**Your goal**
Extract from the entries below, exactly as given, only the lines from the line containing "Un dormitorio con" to the line containing "Photo of Tasty", both lines included.

**Dataset content**
|---|

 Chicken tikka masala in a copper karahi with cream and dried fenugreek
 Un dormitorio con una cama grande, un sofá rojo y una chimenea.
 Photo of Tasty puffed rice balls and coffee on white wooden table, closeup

|---|

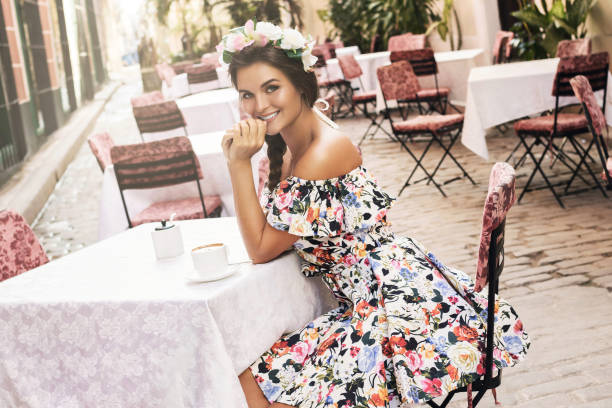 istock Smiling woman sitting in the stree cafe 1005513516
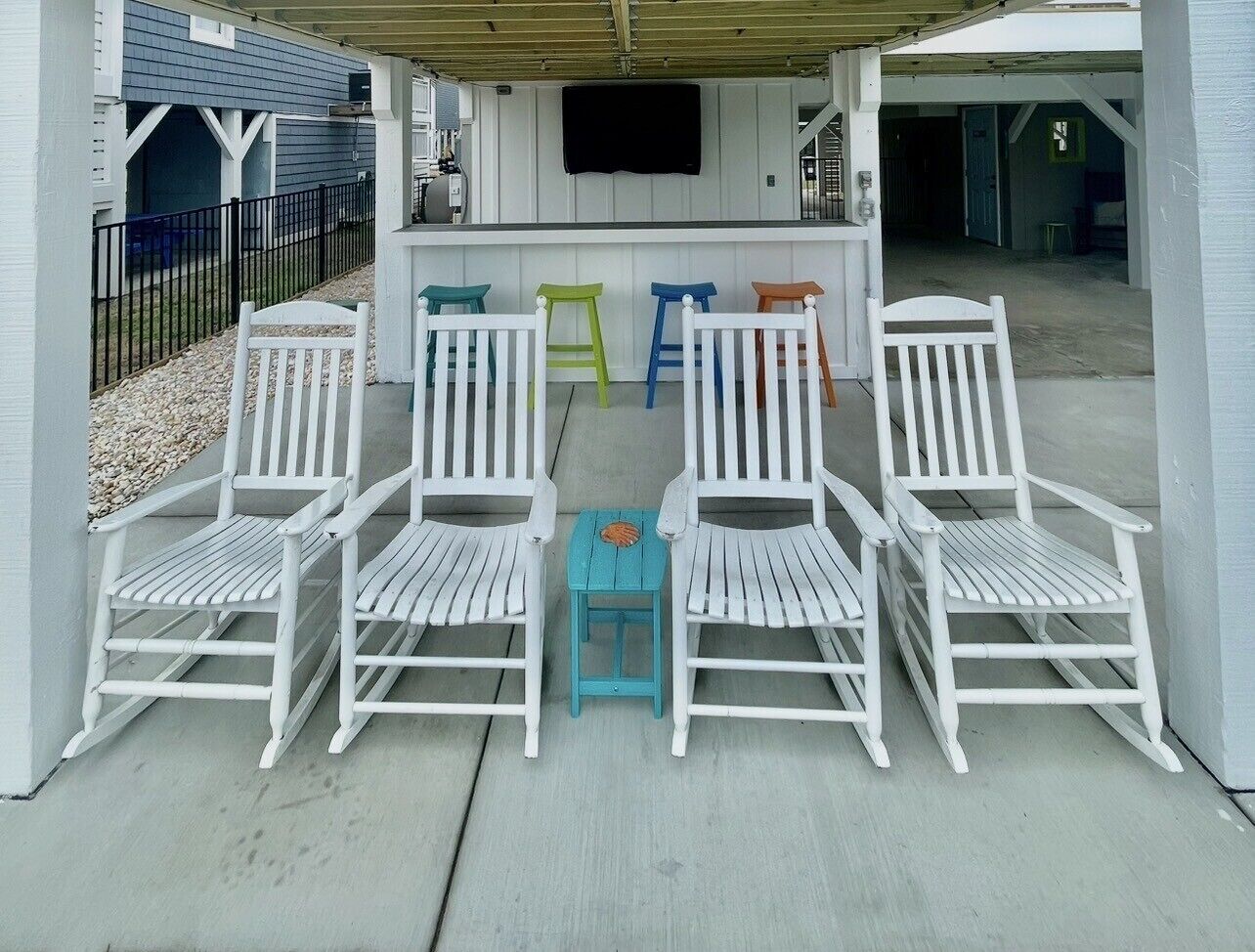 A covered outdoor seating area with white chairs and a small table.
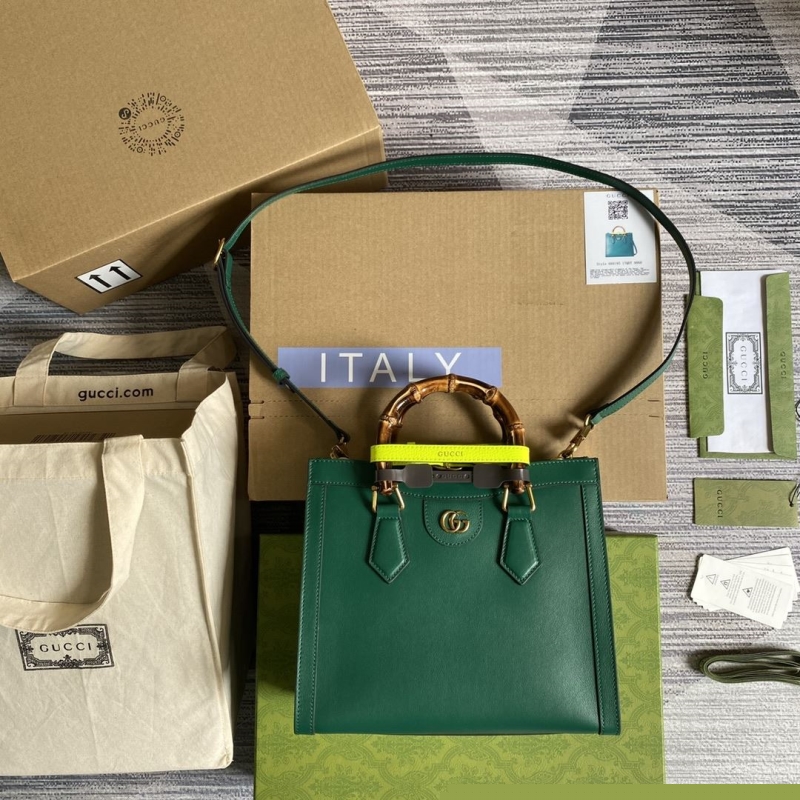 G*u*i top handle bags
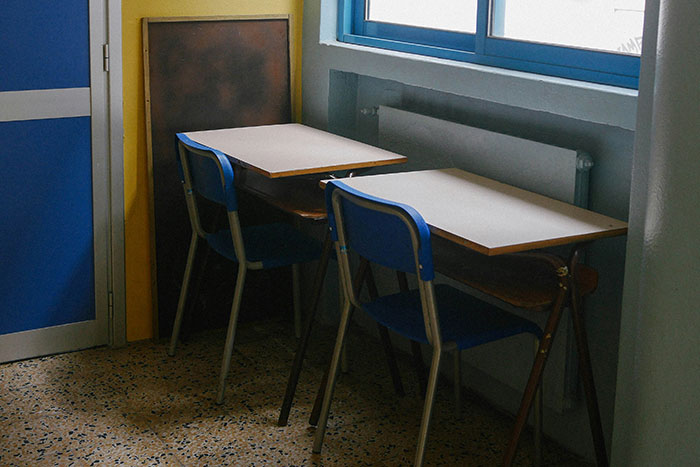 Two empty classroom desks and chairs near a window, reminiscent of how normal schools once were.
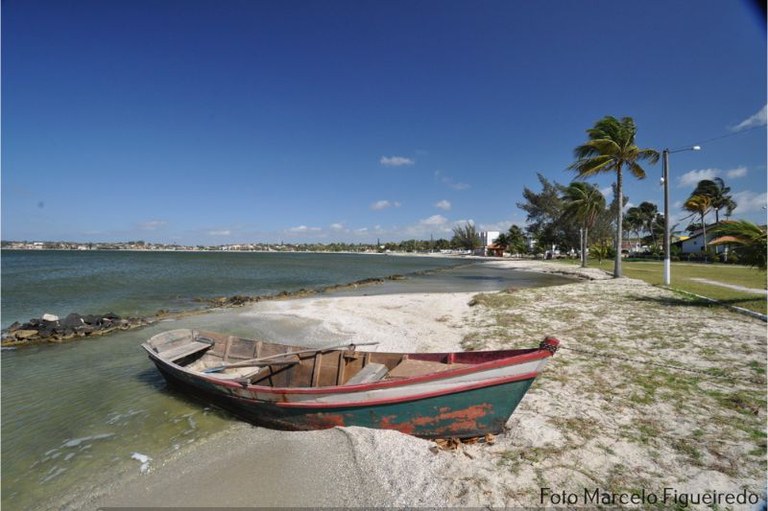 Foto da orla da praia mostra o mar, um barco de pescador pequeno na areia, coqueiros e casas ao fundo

|---|

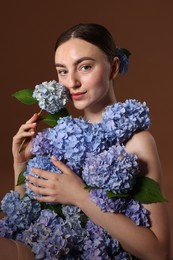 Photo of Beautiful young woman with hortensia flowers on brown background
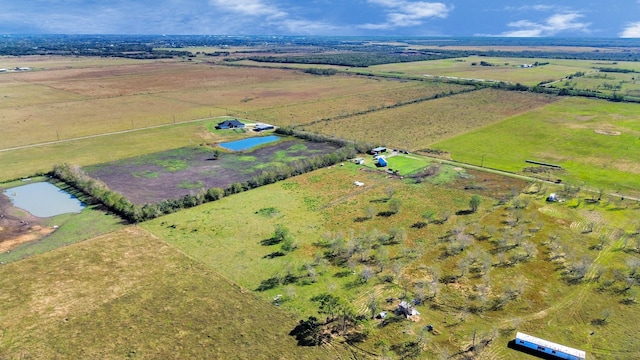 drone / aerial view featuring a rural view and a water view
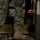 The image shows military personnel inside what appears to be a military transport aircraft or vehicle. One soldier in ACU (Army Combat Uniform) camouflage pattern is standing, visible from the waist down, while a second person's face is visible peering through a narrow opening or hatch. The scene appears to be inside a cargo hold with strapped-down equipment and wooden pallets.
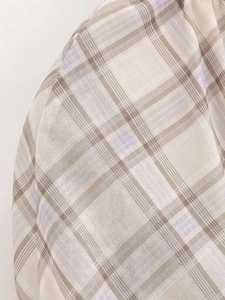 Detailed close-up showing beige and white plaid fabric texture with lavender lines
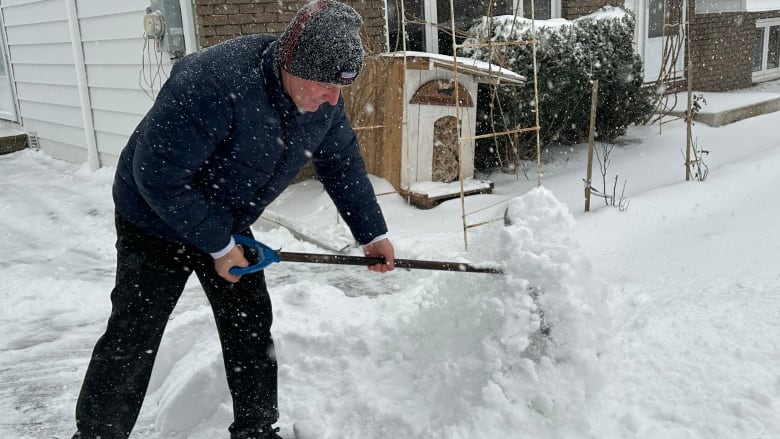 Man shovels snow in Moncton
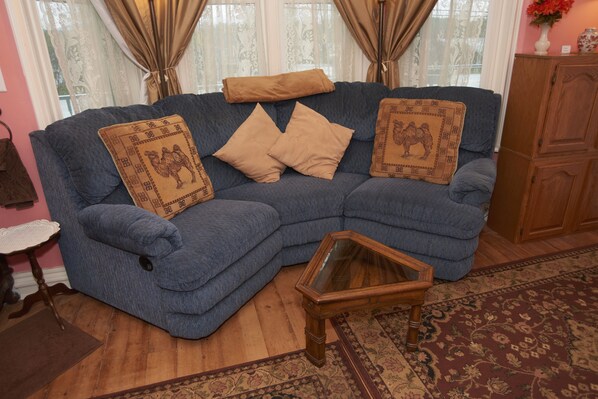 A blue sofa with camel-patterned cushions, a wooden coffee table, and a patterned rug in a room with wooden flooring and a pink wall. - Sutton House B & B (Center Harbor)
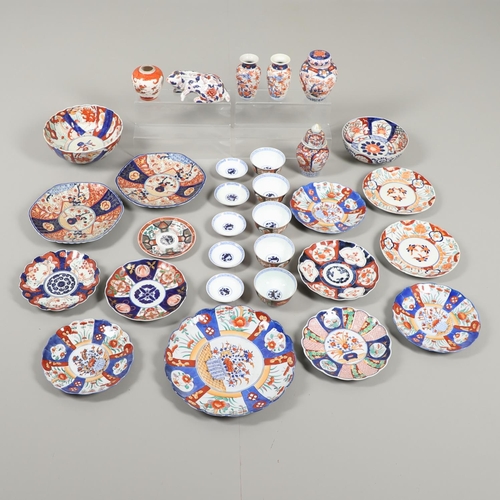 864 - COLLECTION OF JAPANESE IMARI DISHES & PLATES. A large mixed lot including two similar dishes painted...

|---|

**Written response**
 Un dormitorio con una cama grande, un sofá rojo y una chimenea.
 Photo of Tasty puffed rice balls and coffee on white wooden table, closeup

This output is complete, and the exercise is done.